Measurement criteria will include customer satisfaction, supplier satisfaction, employee satisfaction, product returns, customer churn, labour turnover, absenteeism, skills

 

Digitization. The digitization of the provision of goods and services can provide rapid and effective change within the enterprise by installing a standard and flexible interface with customers and the supply chain.

Incorporating a digitization opportunity analysis into the development of the business plan and continually reviewing the potential for greater digitization will drive change.

Measurement criteria will include customer, supplier and employee satisfaction surveys which will all provide information as to the effectiveness and effectiveness of change, as will labour productivity, TBC, quality measurements, production and delivery cycle, complaints, skills, security, creativity and problem solving

Automation.  Increasing investment in automation, when properly designed and integrated, should provide the enterprise with improved flexibility, speed and quality of output.

Incorporating an automation opportunity analysis into the development of the business plan and continually reviewing the potential for automation will drive change.

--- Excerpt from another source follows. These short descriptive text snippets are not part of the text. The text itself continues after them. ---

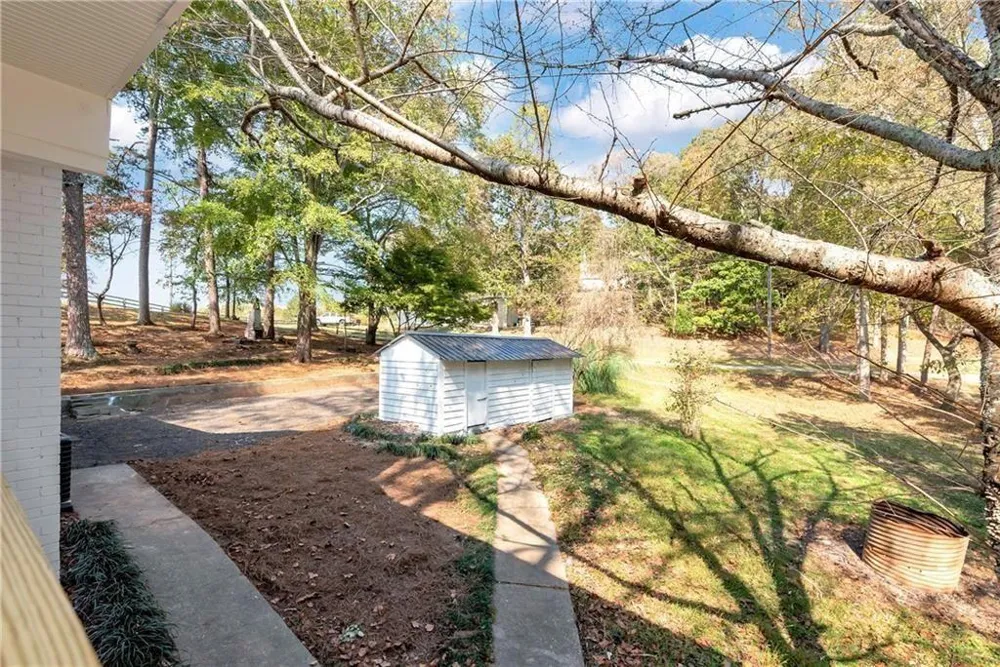 75 Lake Drive Dawsonville, GA 30534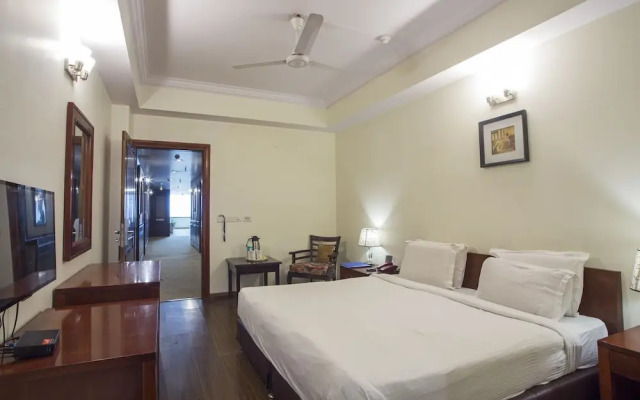 OYO 506 Hotel Blue Stone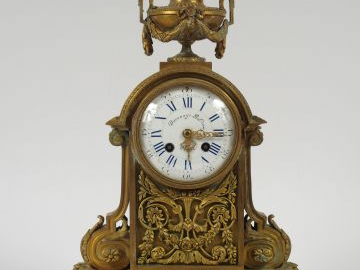Pendule de style Louis XVI en bronze doré, à décor de feuilles d'acant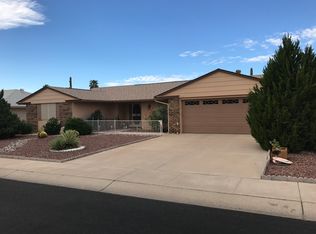 10127 W Oak Ridge Dr, Sun City, AZ 85351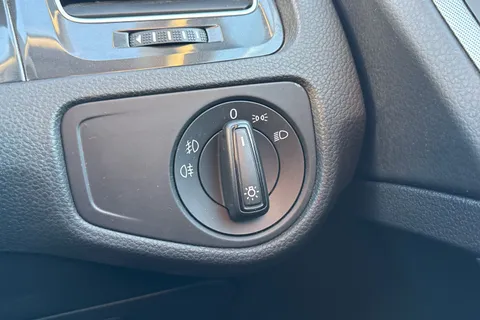 GF67JRX Volkswagen Golf 1.6 TDI S 5dr Thumbnail #39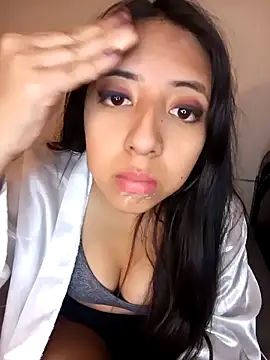 Isabella 175 online show from 11.12.25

Measurement criteria will include production/distribution cycle, inventory ratio, gross margin, return on capital employed, labour productivity, skills, security, health and safety, return on plant, budget ratio, creativity and problem solving, TBC

Location.  Reviewing location within the demands of the plan can potentially be a key driver of change.

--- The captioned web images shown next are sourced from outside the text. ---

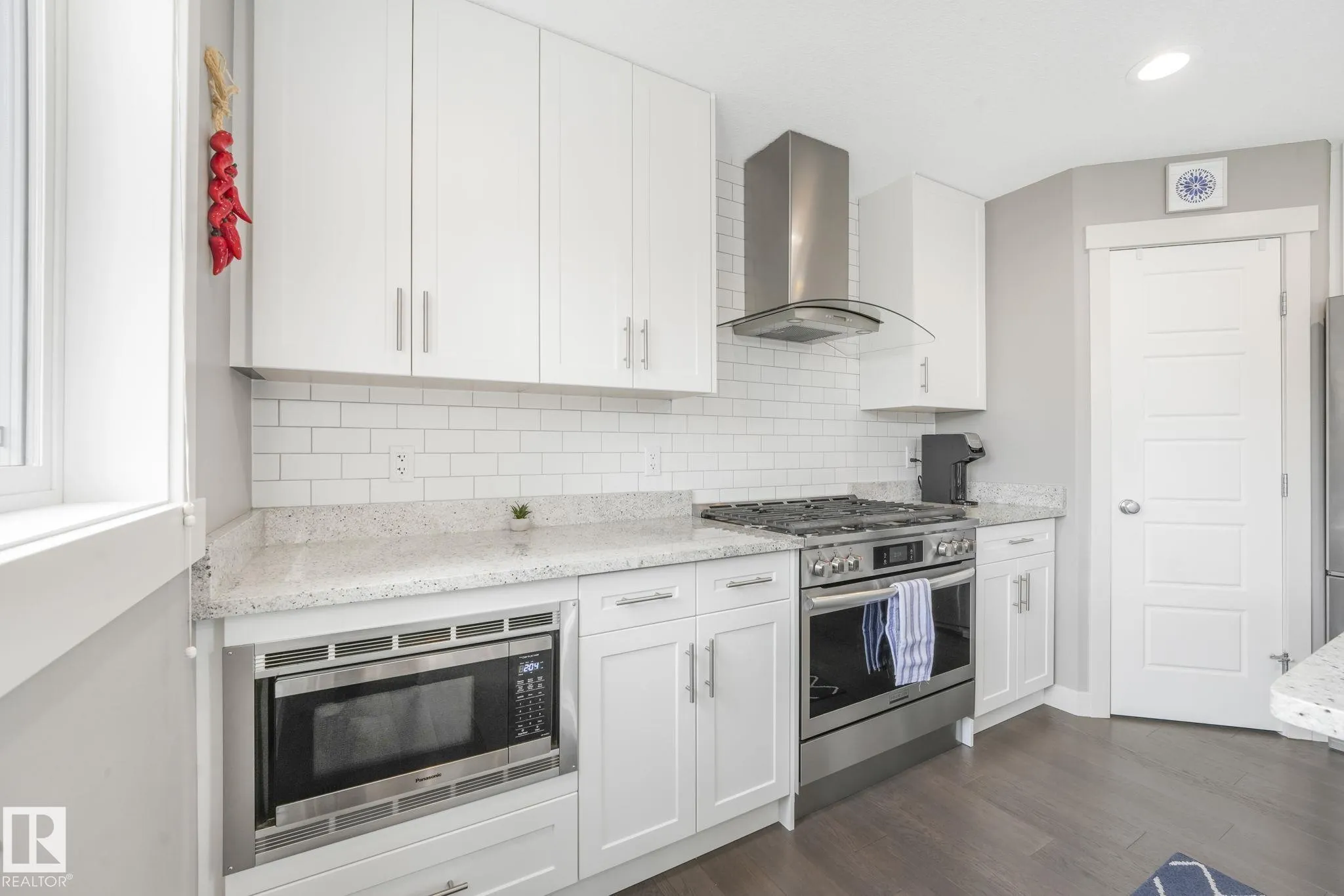 1228 WESTERRA Crescent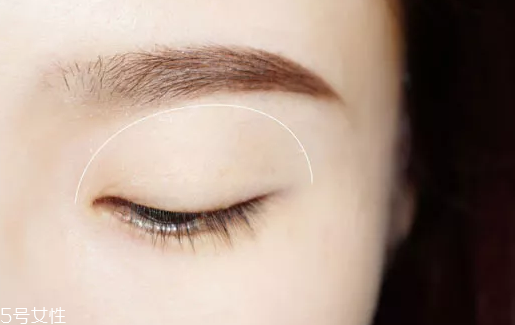 戴眼鏡需要畫(huà)臥蠶嗎 戴眼鏡化妝的具體步驟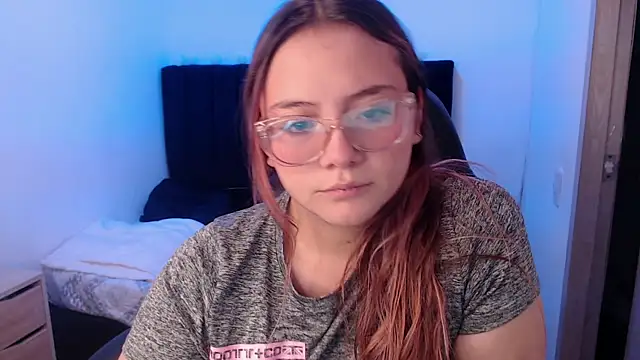 Snapshot of Red_Lola_ chatting on November 5, 1:55 pm Red Lola online show from November 5, 1:55 pm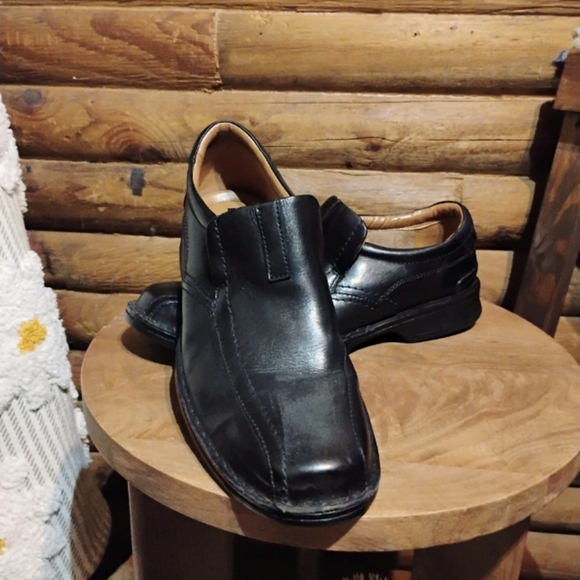 Clarks Black Loafers with Smooth Leather and Classic Design - Picture 1 of 11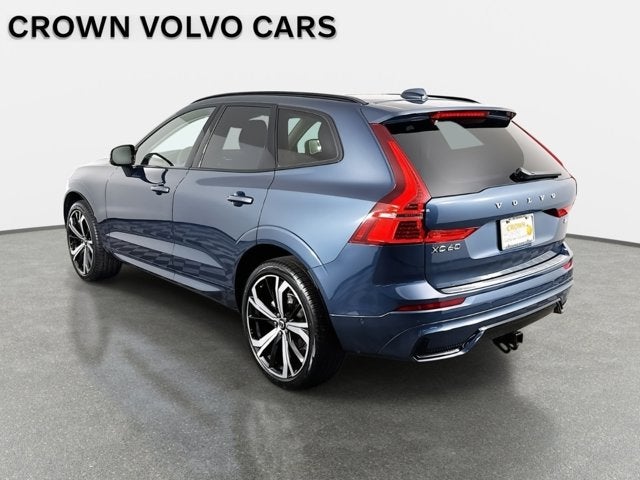 2023 Volvo XC60 Ultimate Dark Theme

New (or re-designed existing) locations may enable the enterprise to co-locate strategic business units (vital in change management), improve working conditions and co-locate knowledge centres, introduce new working practices including automation, establish fringe benefits which encourage communication and team building (canteens for example), improve industrial relations, and permit easier MBWA and random inspection.

Measurement criteria will include return on premises, employee satisfaction, labour turnover, absenteeism, health and safety breaches, complaints, security, health and safety, gross profit, return on capital employed, random inspection, MBWA

Decision making.  Single individuals are likely to make poor decisions, very large groups no decisions at all, especially when the impact of group size is magnified by the impact of advisors and special units.  Similarly, more and more centralization of decision making will both slow the process and increase the potential for non-realistic decisions to be taken.

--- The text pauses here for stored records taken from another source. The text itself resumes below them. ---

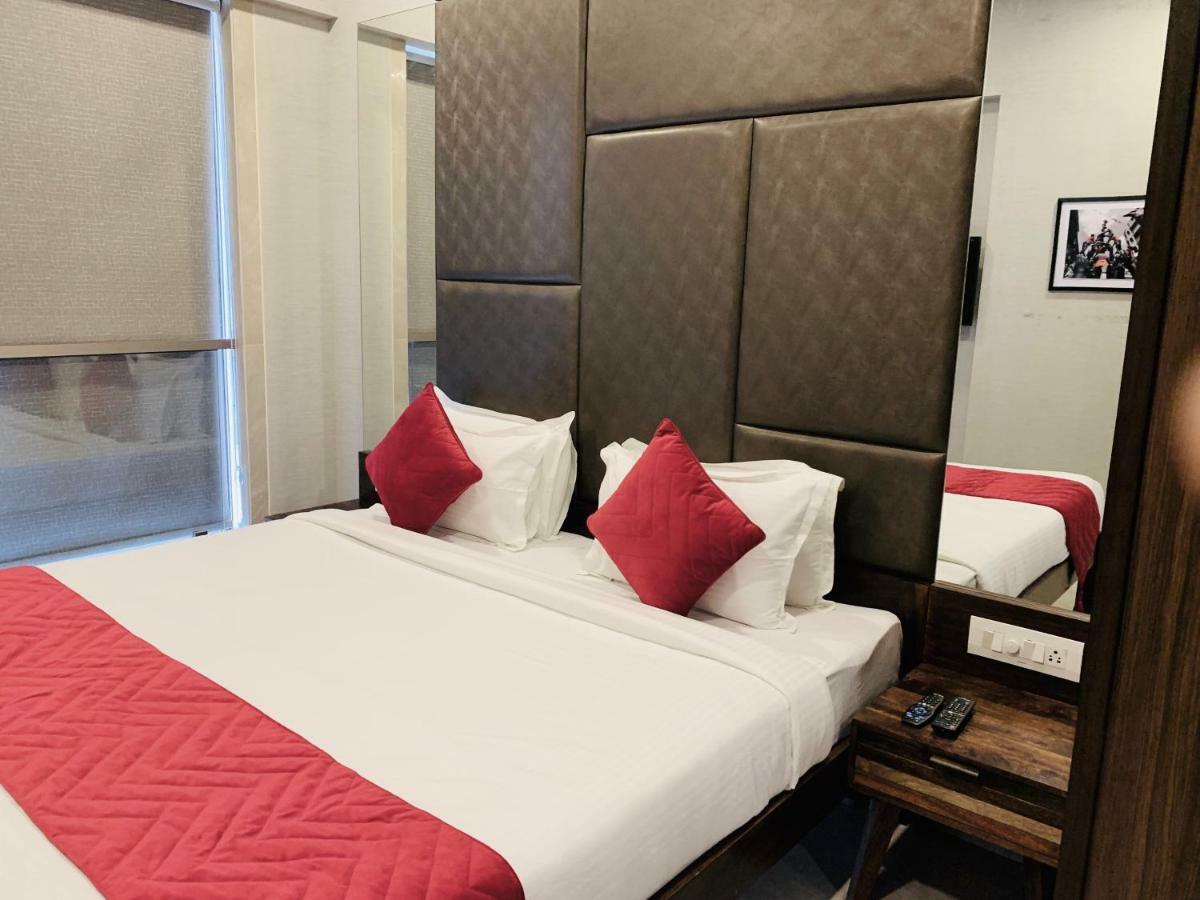 Theory9 Premium Service Apartments Khar Мумбаї Екстер'єр фото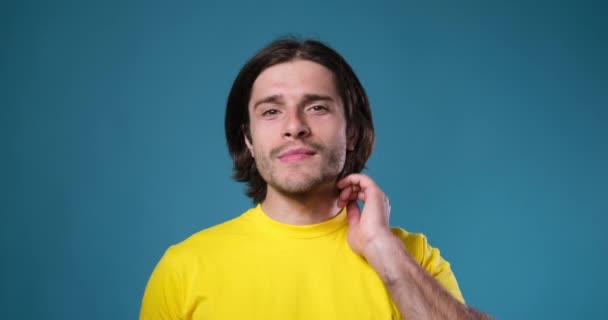 Komea mies koskettaa partaansa ja säätää hiuksiaan - Materiaali, video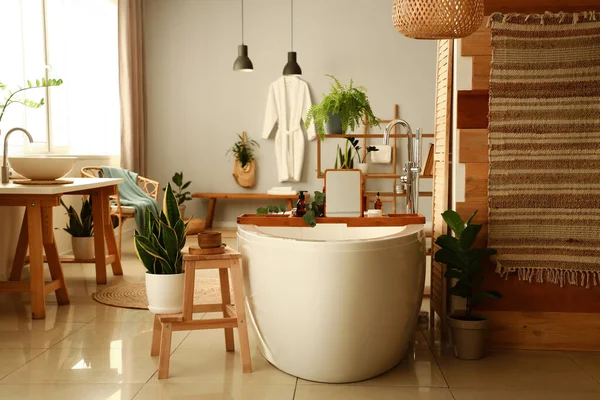 Interior Modern Bathroom Bathtub Stepladder Houseplants — Stock Photo, Image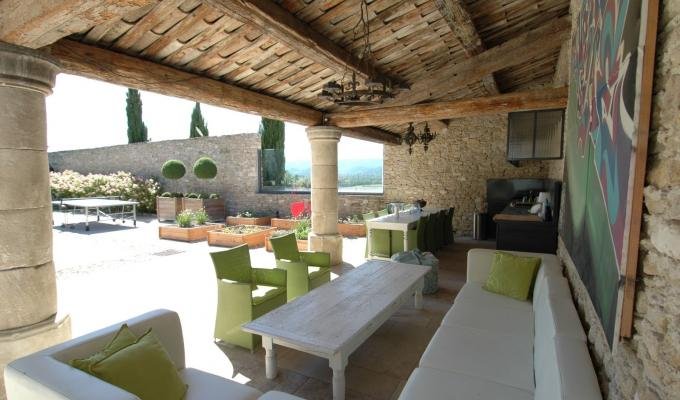 Provence Luberon luxury villa rentals with heated private pool near Gordes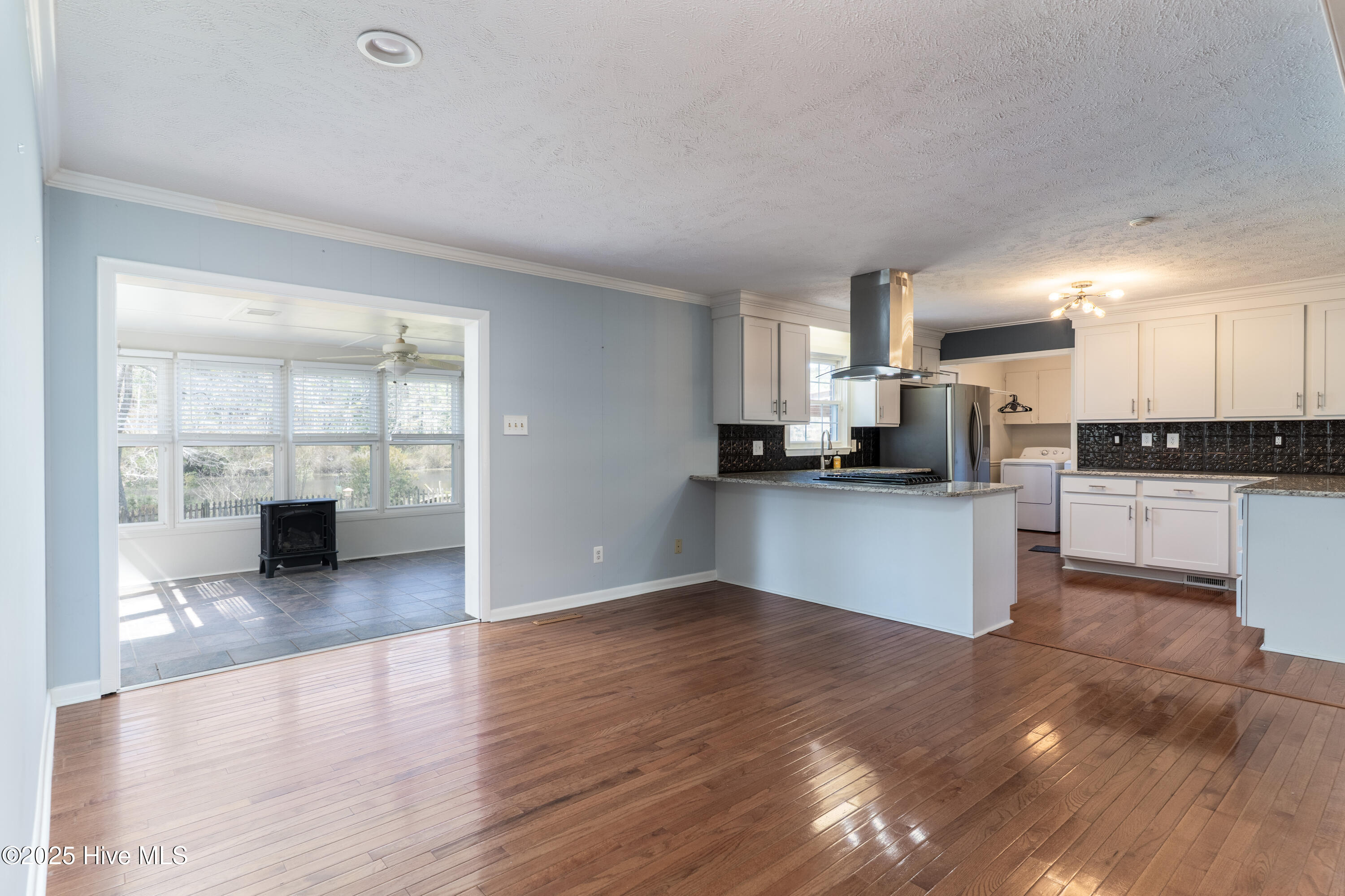 144 Boiling Springs Circle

Focus, rule of eight, meeting management, investment appraisal, hurdle rate project risk management, balanced scorecard, stagegate, advisors, special units, prestige projects, testing, reality check, creativity, software, SOP, successes, failures, lessons learnt

Measurement criteria will include TBC, POD, project management success rates, budget control, forecast error, complaints, skills

MIS .  Change cannot productively occur in a vacuum, as the enterprise must be clear about what is broken and needs fixing, both currently and in the future. Effective management information systems should focus on SATURNS where information is:

Simple;

Accurate;

Timely;

Useful (much information is useless for decision making purposes and leads to information overload);

Researchable (background data will be vital for complex – especially “wicked” problems);

Network accessible (data should be accessible from all areas of the business);

Secure

Measurement criteria will include planning horizon, planning cycle, ad-hoc, daily, weekly, monthly, quarterly, and annual requirements, key performance indicators, benchmarks, knowledge centre responsibility, risk management, impact analysis, reference material, advisors, skills, customer and supplier input (especially joint planning), security, data protection

Structure. Centralized organizations are more resistant to change than decentralized; smaller groups are closer to the market and more reactive; smaller groups are more highly motivated.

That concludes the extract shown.